(BRIEF): The requested output is every line from the one with "Home office in" through the last line below, printed exactly.

(DATA SHOWN):
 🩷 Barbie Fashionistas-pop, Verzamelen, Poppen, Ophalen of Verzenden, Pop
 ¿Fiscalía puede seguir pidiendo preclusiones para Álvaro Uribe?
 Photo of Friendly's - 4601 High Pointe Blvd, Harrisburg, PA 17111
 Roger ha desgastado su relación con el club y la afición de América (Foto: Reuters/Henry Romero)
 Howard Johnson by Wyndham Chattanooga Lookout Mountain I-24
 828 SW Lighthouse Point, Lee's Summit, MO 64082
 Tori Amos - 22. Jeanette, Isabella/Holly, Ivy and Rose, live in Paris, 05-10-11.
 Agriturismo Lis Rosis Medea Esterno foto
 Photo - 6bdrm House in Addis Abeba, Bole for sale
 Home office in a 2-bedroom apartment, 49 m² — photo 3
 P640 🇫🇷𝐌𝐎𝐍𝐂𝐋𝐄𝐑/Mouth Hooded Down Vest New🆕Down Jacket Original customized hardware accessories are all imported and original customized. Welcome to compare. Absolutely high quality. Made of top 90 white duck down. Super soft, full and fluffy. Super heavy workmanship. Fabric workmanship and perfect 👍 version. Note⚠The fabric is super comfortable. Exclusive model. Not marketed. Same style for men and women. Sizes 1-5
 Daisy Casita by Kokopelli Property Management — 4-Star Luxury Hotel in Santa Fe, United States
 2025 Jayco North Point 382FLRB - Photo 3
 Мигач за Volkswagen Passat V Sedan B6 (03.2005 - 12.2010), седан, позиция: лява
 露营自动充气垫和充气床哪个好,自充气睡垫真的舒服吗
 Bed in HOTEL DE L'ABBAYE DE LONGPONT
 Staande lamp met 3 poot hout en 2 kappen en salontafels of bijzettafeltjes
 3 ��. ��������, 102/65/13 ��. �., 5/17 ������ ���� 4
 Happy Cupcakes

(OUTPUT FOR THIS TASK):
 Home office in a 2-bedroom apartment, 49 m² — photo 3
 P640 🇫🇷𝐌𝐎𝐍𝐂𝐋𝐄𝐑/Mouth Hooded Down Vest New🆕Down Jacket Original customized hardware accessories are all imported and original customized. Welcome to compare. Absolutely high quality. Made of top 90 white duck down. Super soft, full and fluffy. Super heavy workmanship. Fabric workmanship and perfect 👍 version. Note⚠The fabric is super comfortable. Exclusive model. Not marketed. Same style for men and women. Sizes 1-5
 Daisy Casita by Kokopelli Property Management — 4-Star Luxury Hotel in Santa Fe, United States
 2025 Jayco North Point 382FLRB - Photo 3
 Мигач за Volkswagen Passat V Sedan B6 (03.2005 - 12.2010), седан, позиция: лява
 露营自动充气垫和充气床哪个好,自充气睡垫真的舒服吗
 Bed in HOTEL DE L'ABBAYE DE LONGPONT
 Staande lamp met 3 poot hout en 2 kappen en salontafels of bijzettafeltjes
 3 ��. ��������, 102/65/13 ��. �., 5/17 ������ ���� 4
 Happy Cupcakes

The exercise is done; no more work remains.